- Use the smallest data type necessary to implement the required functionality. I have worked on several systems which used NUMERIC or FLOAT data types even though not a single row contained digits to the right of the decimal point. An easy way to optimize such systems is to simply change the data type from NUMERIC to INTEGER.
- Ensure that each column has a descriptive name; doing so makes database more self-documenting and easy to understand for those who didn’t develop it. Do not call columns “column 2,” “ID” or similar names. If you must abbreviate column names be sure to create a data dictionary denoting what data element each column is supposed to store.
- Many tables have “natural” keys; these are columns that have a business meaning, such as customer or account name. Although natural keys are immediately identifiable by business users, they aren’t always unique and they tend to change over time. Consider adding “surrogate” keys – columns that have no business meaning but can uniquely identify each row.

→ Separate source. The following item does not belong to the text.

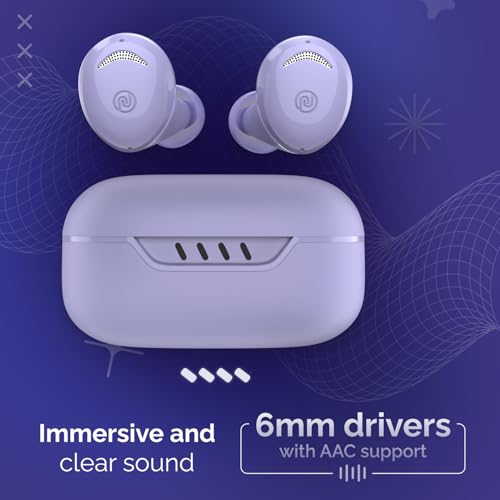 Noise Buds Trance in-Ear Truly Wireless Earbuds with 45H of Playtime, Voice Control, Low Latency(up to 40 ms), Instacharge(10 min=200 min), BT v5.3(True Purple)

Identity columns are a great example of surrogate keys.
While you could use a combination of natural keys to uniquely identify a record, joining tables on multiple columns will normally be slower than joining the same tables based on a single column with a small data type (such as INTEGER). If you do use surrogate keys be sure that their name includes the table / entity name. For example, do not add a column called “ID” to each table. Instead use “customer_id”, “supplier_id”, “store_id” and so forth.
- Each table allows up to 1,024 columns, but normally you don’t need nearly as many columns. For transactional systems ensure the data model is highly normalized; this means the same data element (customer address, customer phone number, product description, etc) should not be repeated in multiple tables. For reporting systems you can allow some redundancy, but only if thorough testing confirms that redundant columns improve query performance.
- If possible and appropriate, use fixed-length as opposed to variable-length data types. For example, if you know product code will always be limited to 50 characters use CHAR(50) as opposed to VARCHAR(50). Variable length columns impose an overhead that isn’t always necessary.
- Use UNICODE data types (NCHAR, NVARCHAR, NTEXT) only when necessary. If your database will only contain European characters, then you shouldn’t have to use UNICODE data types. Realize that UNICODE data types use twice-as-much storage as their non-UNICODE counterparts.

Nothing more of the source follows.